Captioned web image data:
※ ※ ※

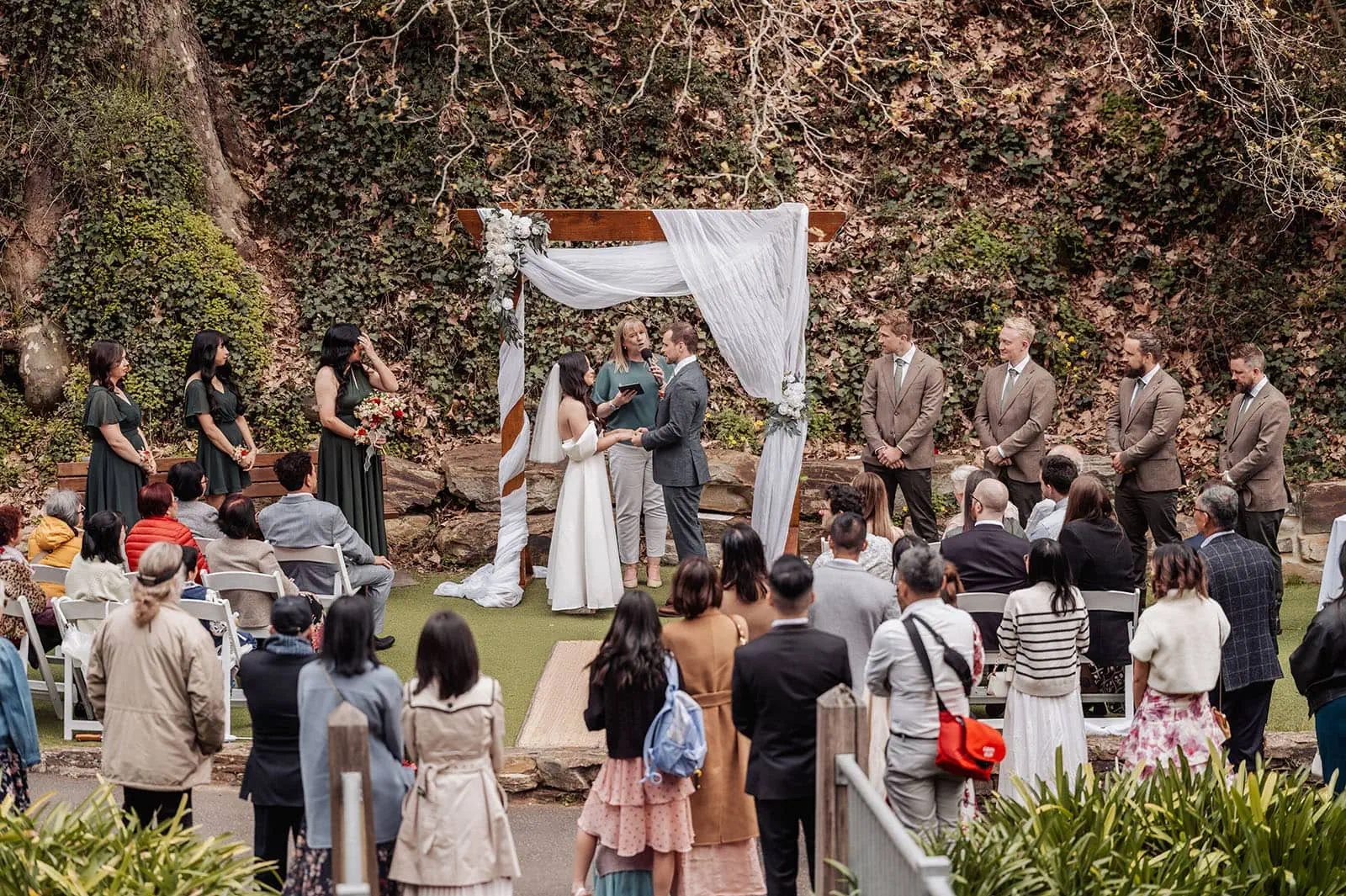 utopia waterfall gully wedding - sally & ben 224 Outdoor wedding ceremony with elegant decor and scenic natural backdrop.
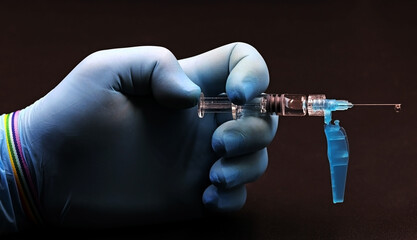 Hand with blue glove and bracelet of the LGBT collective with a vaccine, on black background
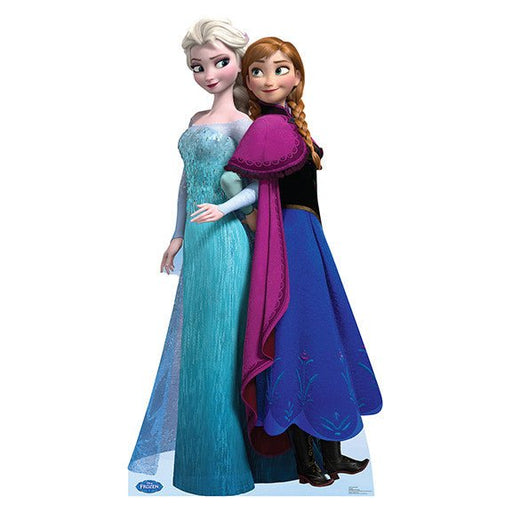 Life-size cutout of Elsa and Anna from Disney's Frozen standing back-to-back, Elsa in an icy blue gown with a sheer cape and Anna in a dark blue dress with a magenta cape.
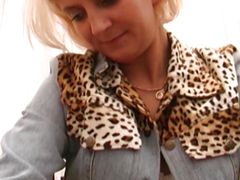 A slim blonde lady from Germany loves stuffing her fingers in her muff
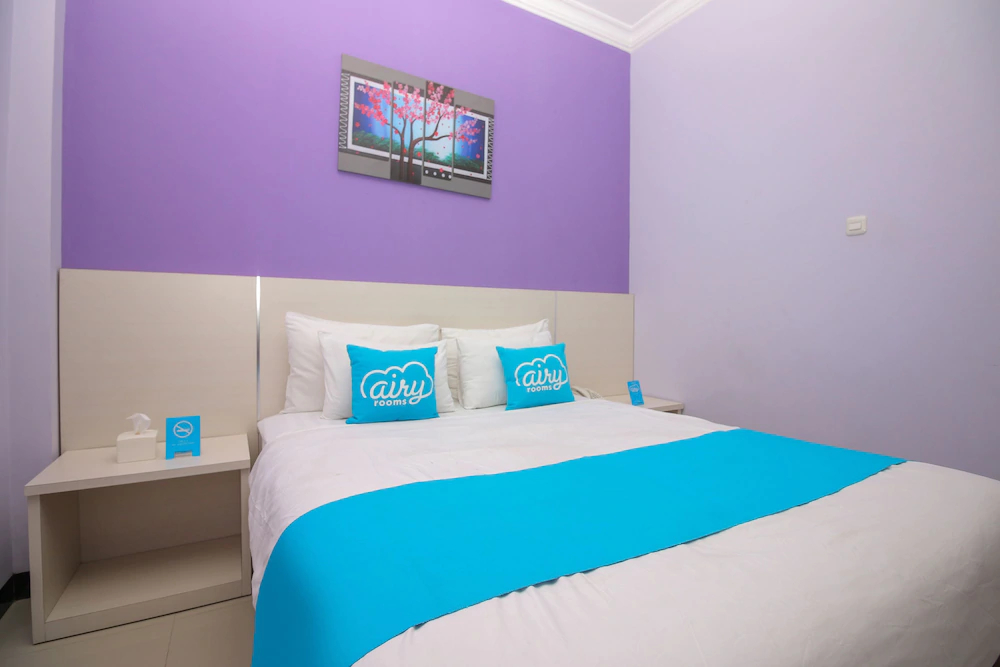 Purple Hotel Palu By Airy Rooms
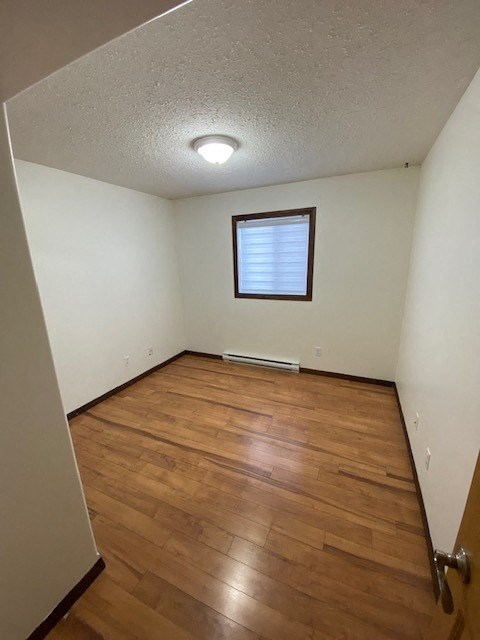 A room with wooden floors and a window.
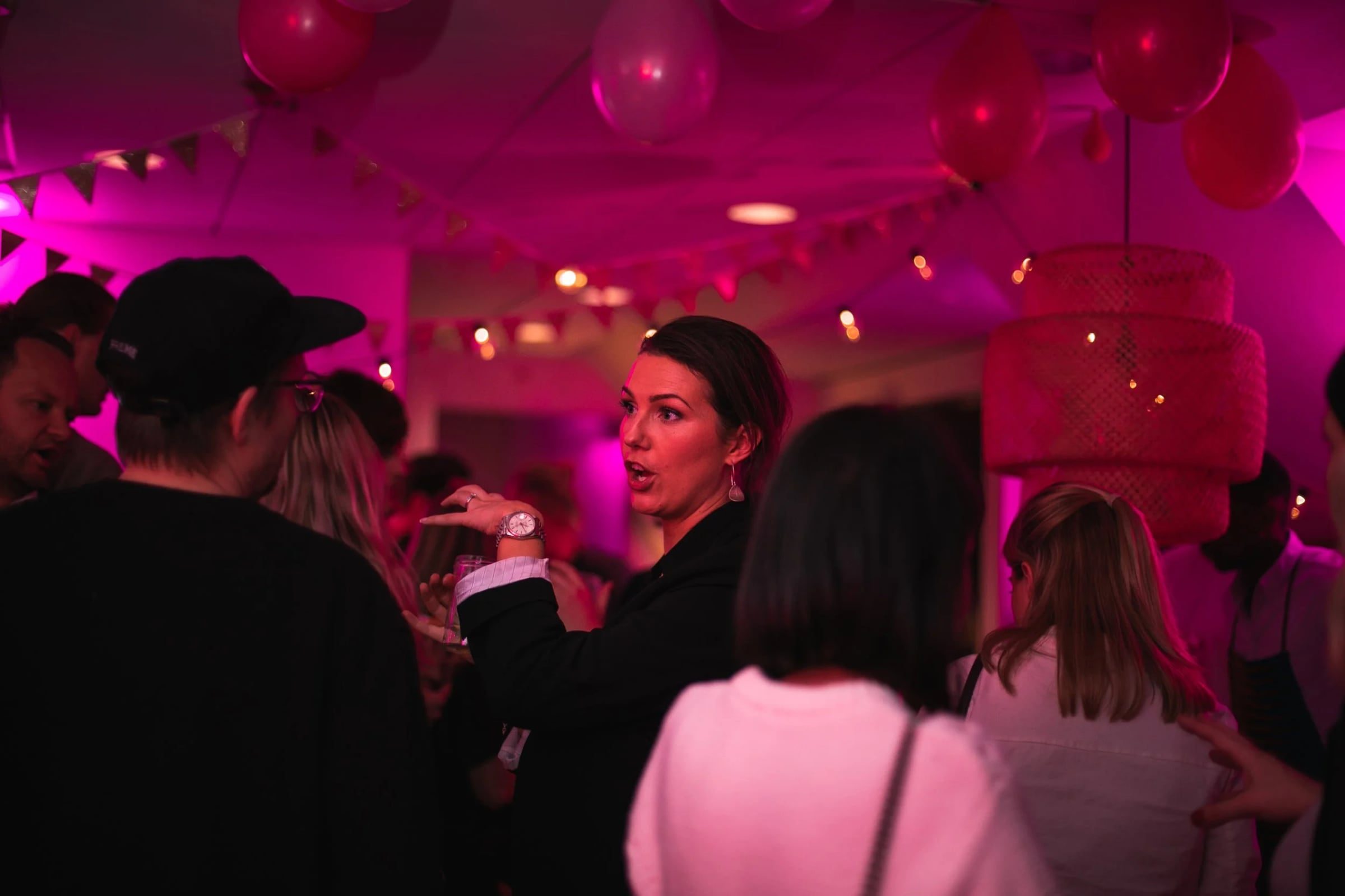 Guests talking at Relatable’s third-anniversary celebration under saturated pink light
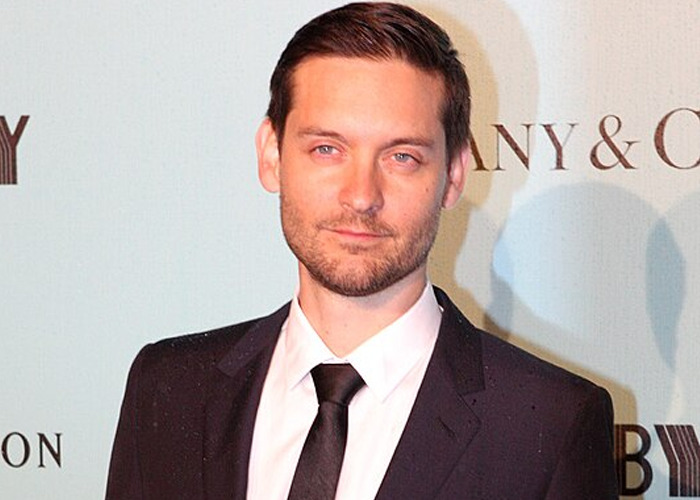 Actor in a black suit at a formal event, illustrating celebrity encounters with raging jerks stories.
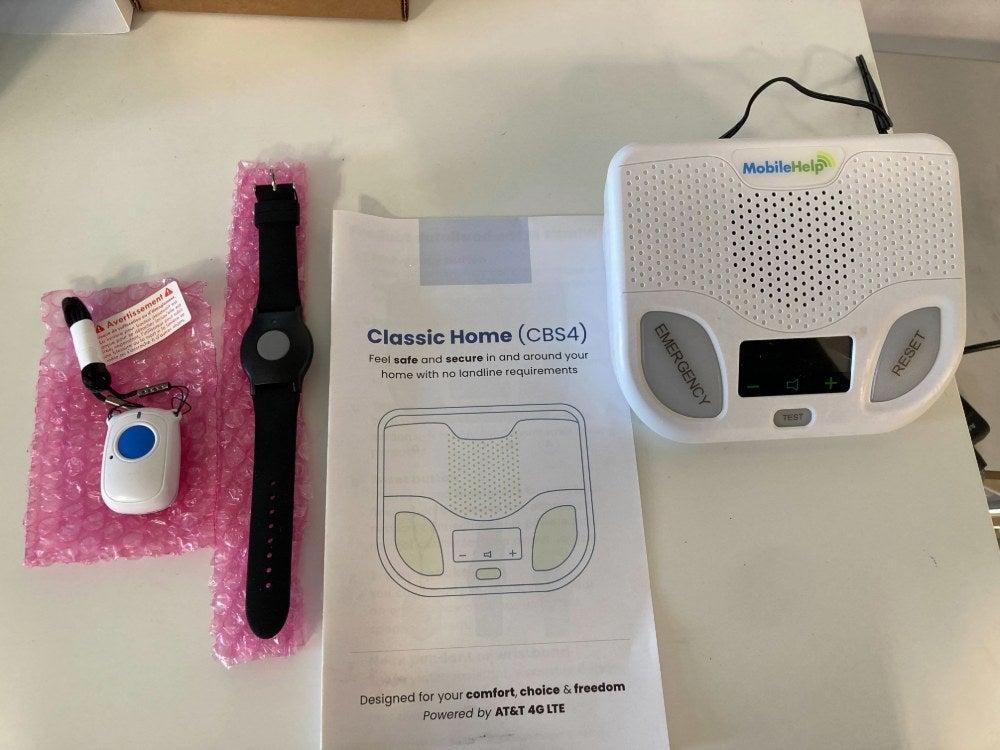The MobileHelp Classic Home system’s base station, user manual, help button in a wristband, and fall alert button sit on a table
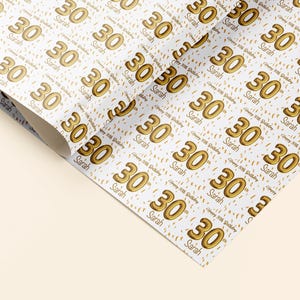 May include: White wrapping paper with a repeating pattern of gold 30th birthday balloons and confetti. The text "Happy 30th Birthday" and the name "Sarah" are repeated throughout the pattern.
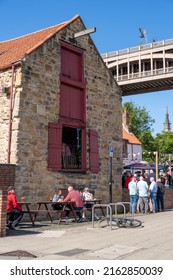 Newcastle Upon Tyne, UK - May 28th, 2022: The Traditional Pub Exterior And People Drinking Outside Of The Wetherspoons Quayside Bar On A Sunny Day. 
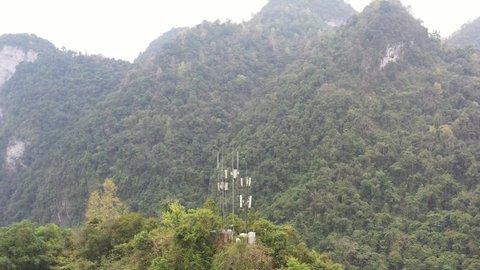 Communication base stations and antennas on a mountain top in karst terrain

※ ※ ※

### Required work:
From the line that contains "The MobileHelp Classic" down to the last line of the entries above, copy every line exactly and leave out the pictures.

### Written solution:
The MobileHelp Classic Home system’s base station, user manual, help button in a wristband, and fall alert button sit on a table
 May include: White wrapping paper with a repeating pattern of gold 30th birthday balloons and confetti. The text "Happy 30th Birthday" and the name "Sarah" are repeated throughout the pattern.
 Newcastle Upon Tyne, UK - May 28th, 2022: The Traditional Pub Exterior And People Drinking Outside Of The Wetherspoons Quayside Bar On A Sunny Day. 
 Communication base stations and antennas on a mountain top in karst terrain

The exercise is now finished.